**Exercise**
Repeat, exactly as written, all of the entries, but not their pictures.

>>>

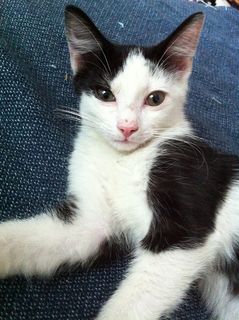 Cutest kitten pic 02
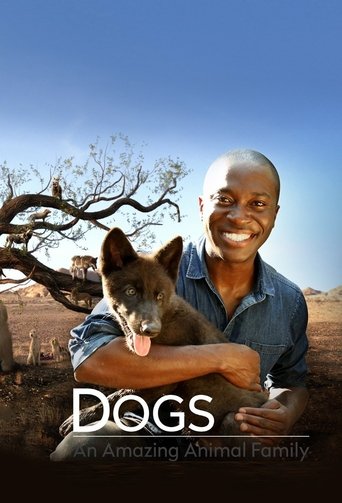 Dogs: An Amazing Animal Family Poster of Dogs: An Amazing Animal Family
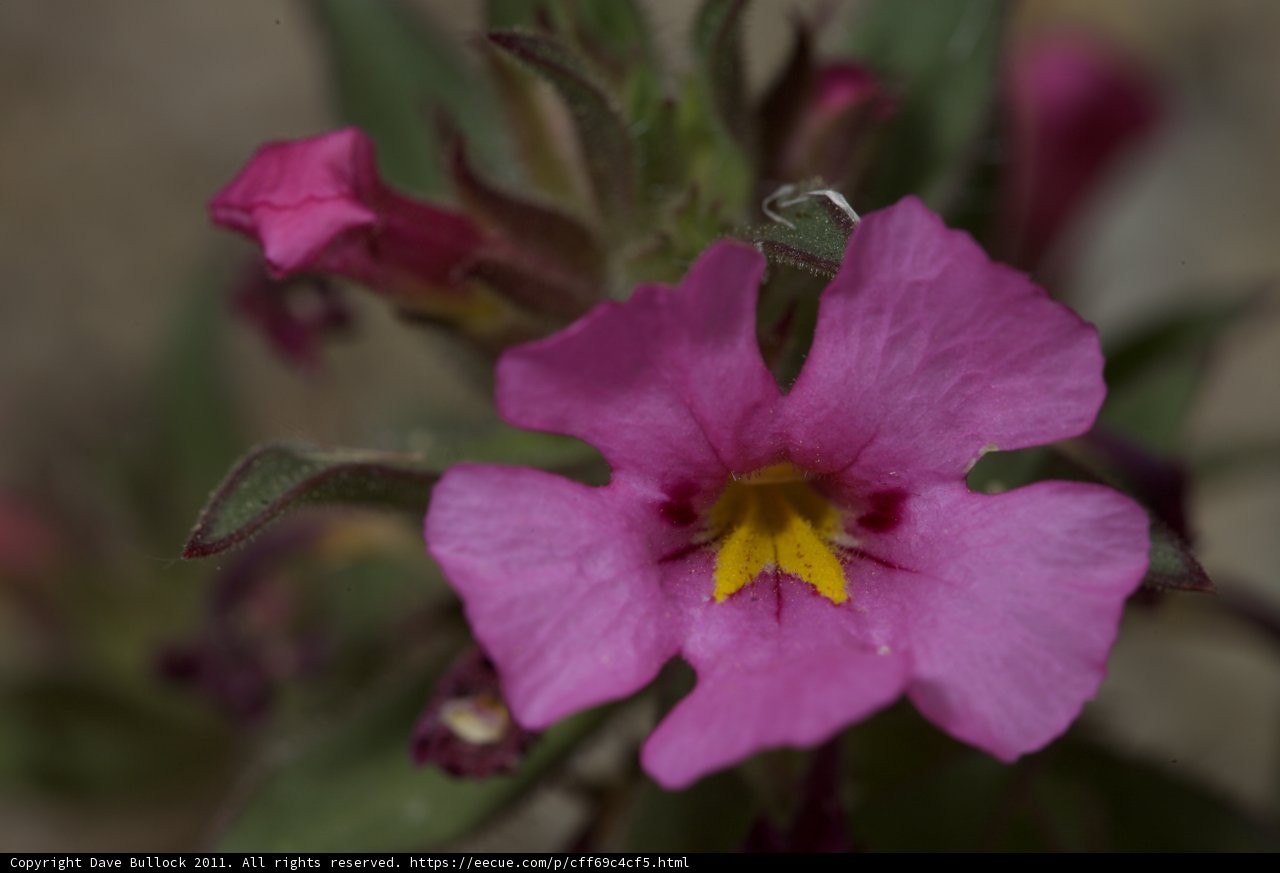 Pretty in Pink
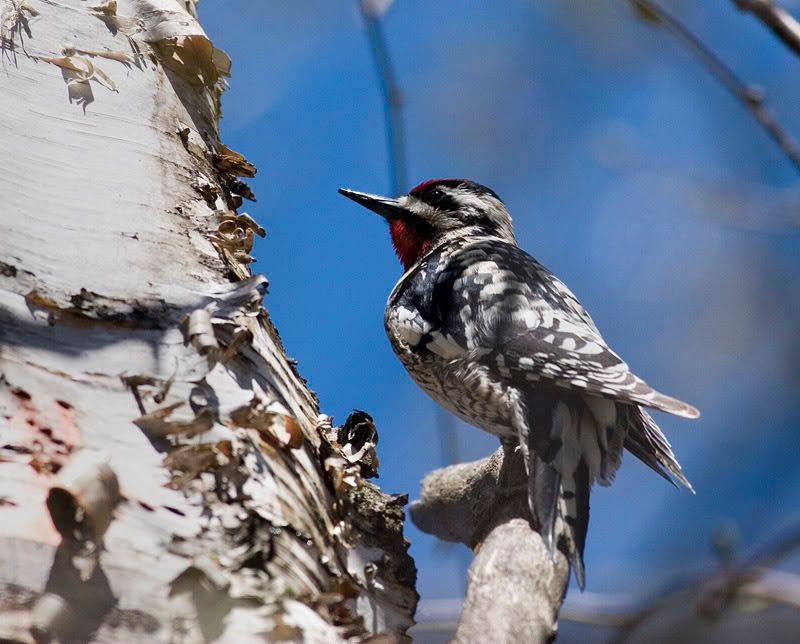 IMAGE: http://i174.photobucket.com/albums/w90/sugarzebra/Sapsucker2POTN.jpg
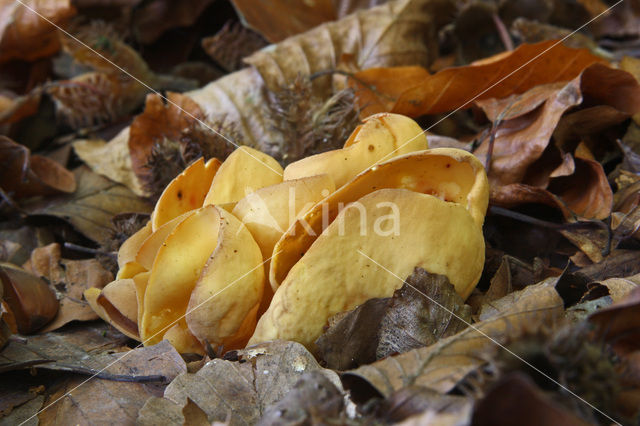 Hare’s ear (Otidea onotica)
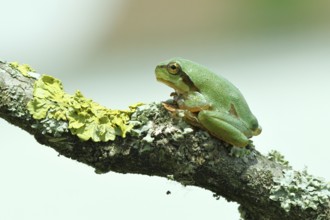 European tree frog (Hyla arborea) sitting on a lichen-covered branch in its natural environment,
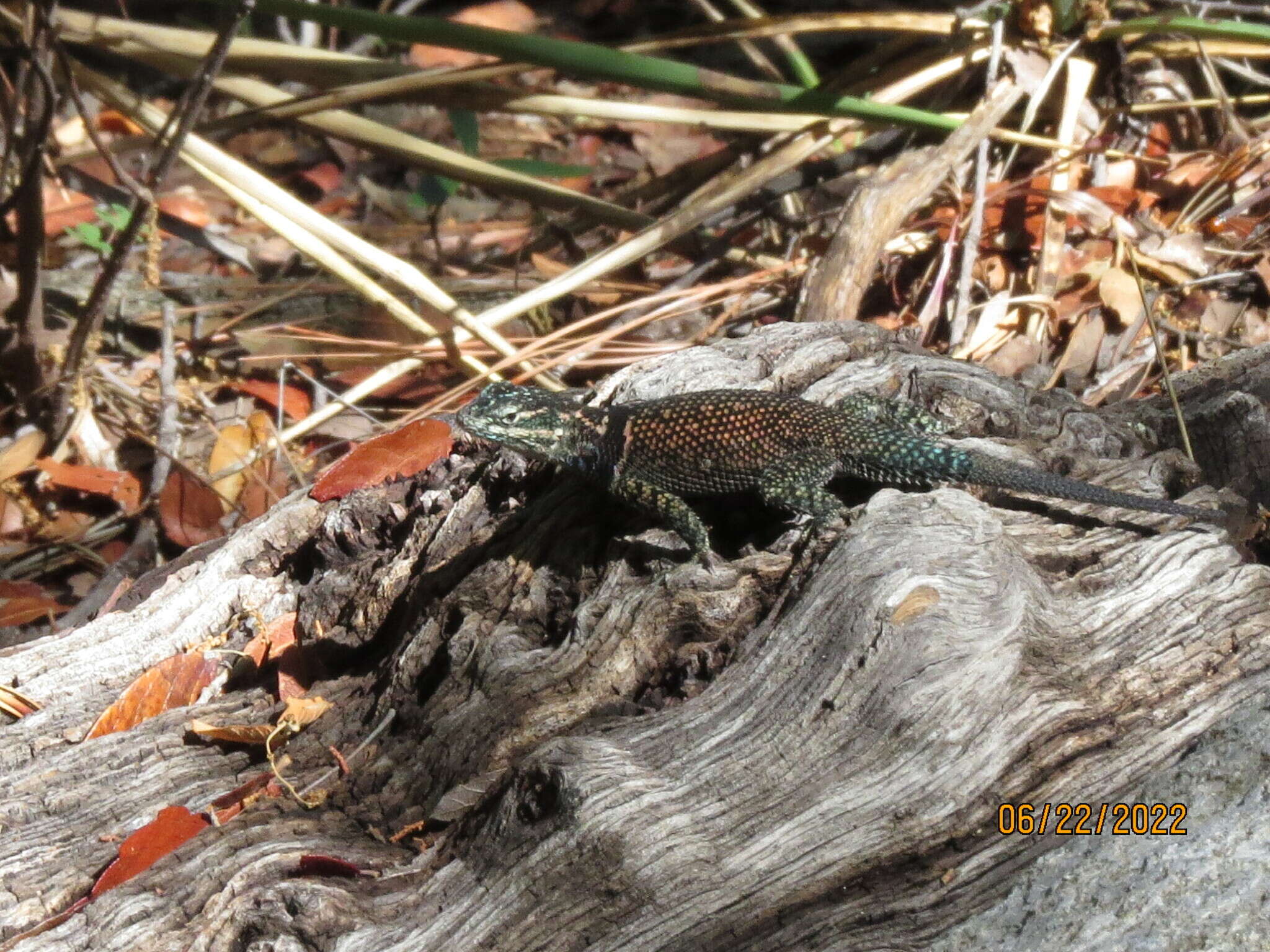 Image of Sceloporus jarrovii jarrovii Cope 1875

<<<

**Solution for this task**
 Cutest kitten pic 02
 Dogs: An Amazing Animal Family Poster of Dogs: An Amazing Animal Family
 Pretty in Pink
 IMAGE: http://i174.photobucket.com/albums/w90/sugarzebra/Sapsucker2POTN.jpg
 Hare’s ear (Otidea onotica)
 European tree frog (Hyla arborea) sitting on a lichen-covered branch in its natural environment,
 Image of Sceloporus jarrovii jarrovii Cope 1875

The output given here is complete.